The reply must consist of the complete listing, reproduced exactly, with no images included.
Dataset section Start Marker
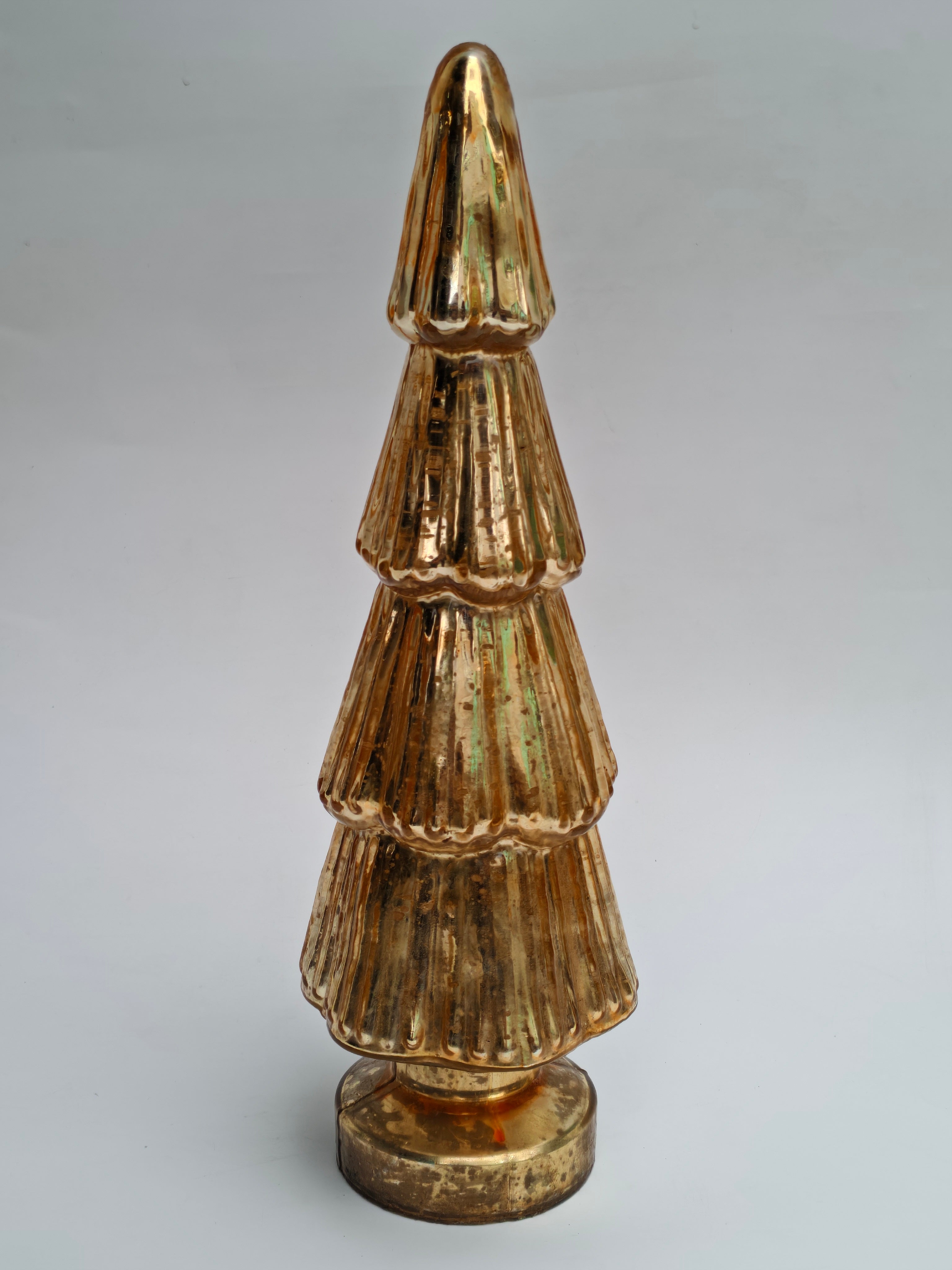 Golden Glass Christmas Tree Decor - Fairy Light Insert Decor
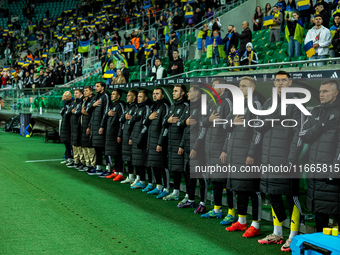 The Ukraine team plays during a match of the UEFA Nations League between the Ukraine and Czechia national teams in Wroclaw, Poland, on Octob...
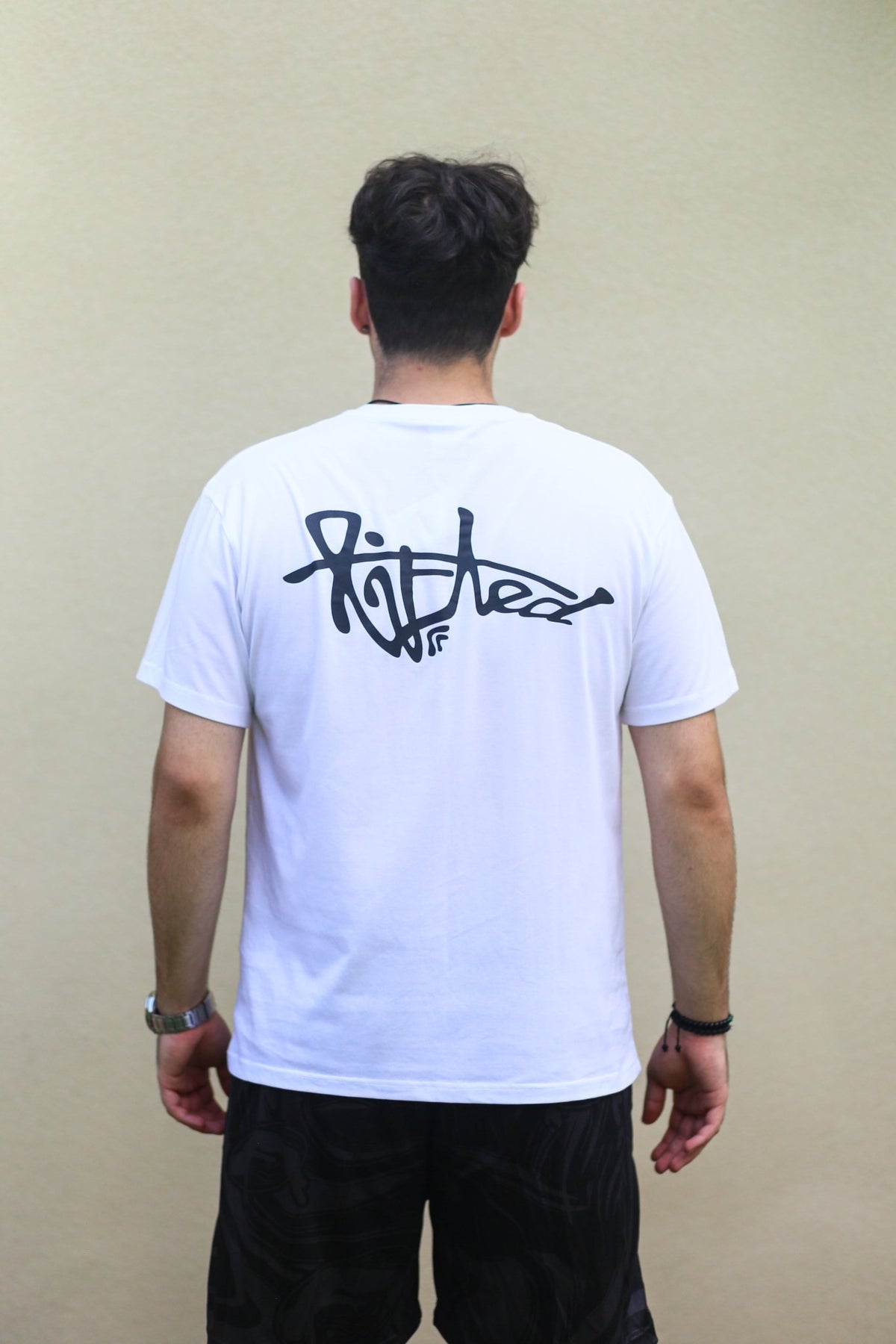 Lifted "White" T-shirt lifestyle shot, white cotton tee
Dataset section End Marker
Solution below
 Golden Glass Christmas Tree Decor - Fairy Light Insert Decor
 The Ukraine team plays during a match of the UEFA Nations League between the Ukraine and Czechia national teams in Wroclaw, Poland, on Octob...
 Lifted "White" T-shirt lifestyle shot, white cotton tee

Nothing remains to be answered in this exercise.